Queda na Produção e Renda Agrícola

A perda de terras e a contaminação reduzem drasticamente a capacidade produtiva: exportações de cacau caíram 15% em 2024, o menor volume em 20 anos. Pequenos agricultores, que dependem da venda de cacau para 80% de sua renda, estão migrando para o garimpo ilegal, perpetuando o ciclo de pobreza.

Preços internos do cacau subiram 25% devido à escassez, pressionando a indústria local de chocolate (como Golden Tree Chocolate), que demitiu 1.200 funcionários em 2024.

 

Impactos na Economia Local e Nacional


Macroeconomia:
A mineração ilegal contribui com apenas 2% do PIB, mas custa US$ 500 milhões/ano em danos ambientais e perdas agrícolas (Banco Mundial, 2024). Além disso, propriedades rurais próximas a minas ilegais perderam até 70% do valor devido à degradação.

Microeconomia:
Comércio local: Mercados rurais em regiões como Western North reportaram queda de 35% nas vendas de alimentos, já que agricultores não têm produtos para oferecer.

Turismo: Reservas naturais como o Parque Nacional Kakum, que atraía 200 mil visitantes/ano, teve 10% de sua área destruída pelo galamsey, reduzindo receitas turísticas em US$ 12 milhões/ano.

 

Um futuro incerto para Gana

Enquanto os impactos da mineração ilegal se intensificam, milhões de ganeses enfrentam um cenário alarmante de escassez hídrica e destruição ambiental.

A água, um recurso essencial, está cada vez mais poluída e inacessível.

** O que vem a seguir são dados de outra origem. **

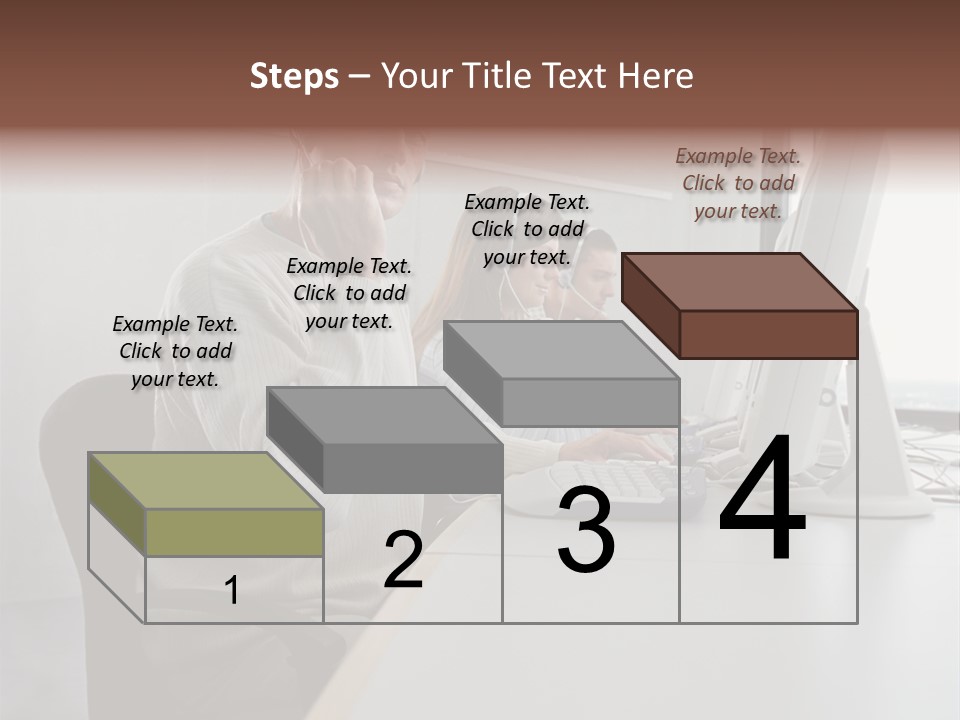 Three Call Centre Operators PowerPoint Template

Terras agrícolas continuam sendo degradadas, comprometendo a produção de cacau e a segurança alimentar do país.

Para ativistas e especialistas, a luta contra a mineração ilegal não é apenas uma questão econômica ou política. É uma batalha pela sobrevivência. Como afirma Vormawor:

"Não podemos trocar o futuro da nossa terra e da nossa água por ganhos rápidos. O tempo está se esgotando. Precisamos agir agora."